The canyon glowed in matte gold. Never before had I experienced color so bodily. At one viewpoint we encountered a hiking group composed of an anthropologist from Berkeley, an Estonian poet, and two French ethnologists. Their conversation revolved around narratives of memory, indigenous knowledge, and the colonial gaze.
You asked a question about Hopi cosmology. The poet answered knowledgeably. I saw how strongly the quality of her insight moved you. I joined in, driven by the desire to regain your attention. I cited a Yolngu word that means both ‘land’ and ‘body.’
“The subject does not dissolve,” I said. “It becomes permeable.”
I received general approval. My concern was only your reaction. My forearm touched your hand. It could have been a coincidence. A slight pressure: Let’s continue this conversation in private. Your response was unmistakable: Soon, my darling. I think of nothing but you.
I was so happy. No one in the group noticed how celebratory my mood was. Our love life included a potpourri of poetic requests and symbolic acts. As diligently as superstitiously, we extended the lists.
I dreamt intensely during the nights in the Grand Canyon. True dream turbulence haunted me in sleep. Some images I carried into the day; others followed me like a misty tail. I experienced an archaic transformation of my inner world.

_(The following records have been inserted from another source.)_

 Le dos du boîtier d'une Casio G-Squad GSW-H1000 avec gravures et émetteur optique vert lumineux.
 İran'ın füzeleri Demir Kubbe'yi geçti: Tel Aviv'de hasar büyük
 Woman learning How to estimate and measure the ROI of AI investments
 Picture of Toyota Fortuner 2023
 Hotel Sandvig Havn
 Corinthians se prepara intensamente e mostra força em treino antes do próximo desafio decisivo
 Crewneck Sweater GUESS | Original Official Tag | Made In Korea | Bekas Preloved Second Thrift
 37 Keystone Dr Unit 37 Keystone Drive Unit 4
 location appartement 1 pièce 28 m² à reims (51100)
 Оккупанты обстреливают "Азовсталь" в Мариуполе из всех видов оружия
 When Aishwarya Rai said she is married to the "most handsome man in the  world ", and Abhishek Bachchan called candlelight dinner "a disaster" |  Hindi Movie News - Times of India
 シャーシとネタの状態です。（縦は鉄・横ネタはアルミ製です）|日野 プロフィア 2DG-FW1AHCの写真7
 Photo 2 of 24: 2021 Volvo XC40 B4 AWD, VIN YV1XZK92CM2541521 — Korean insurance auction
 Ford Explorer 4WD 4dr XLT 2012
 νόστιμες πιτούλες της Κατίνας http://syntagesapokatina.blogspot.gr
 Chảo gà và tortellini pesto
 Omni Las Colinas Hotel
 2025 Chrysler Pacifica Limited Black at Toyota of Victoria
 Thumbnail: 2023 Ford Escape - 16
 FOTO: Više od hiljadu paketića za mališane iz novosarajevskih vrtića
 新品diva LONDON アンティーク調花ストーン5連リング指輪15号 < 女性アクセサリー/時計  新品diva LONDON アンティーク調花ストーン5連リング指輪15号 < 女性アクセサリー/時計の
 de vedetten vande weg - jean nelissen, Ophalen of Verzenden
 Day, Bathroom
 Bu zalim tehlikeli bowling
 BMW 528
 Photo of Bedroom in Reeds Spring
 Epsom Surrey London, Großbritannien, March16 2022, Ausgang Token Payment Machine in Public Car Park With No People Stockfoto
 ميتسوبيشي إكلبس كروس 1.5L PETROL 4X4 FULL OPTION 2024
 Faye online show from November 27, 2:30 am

I saw my unconscious disappear into a cosmic fissure. But what was my unconscious, and what was a cosmic fissure? Perhaps there was simply too much poetry.
We sat on the terrace of the Desert View Watchtower. Below us, the Grand Canyon breathed in colors of burnt ochre, lapis lazuli, and calcite. The loop of the Colorado River gleamed—a movement in stone. The sun shimmered over the rock face.
A Navajo man spoke about the myths of his people.
“The snake that lives beneath the canyon was never our enemy. It was the guardian of the boundary between worlds. Some believed it devoured the careless. But I believe it only calls them back into the depths.”
I felt my body alert. I wanted to speak, and you sensed it. Your encouragement dissolved a barrier.
“In many cultures, the snake is a liminal figure. It sheds its skin, it does not die. It is not evil, but necessary. The myth does not spoil. Colonists demonized such beings to uphold their order.”
The native looked at me, astonished. Apparently, he had not expected support.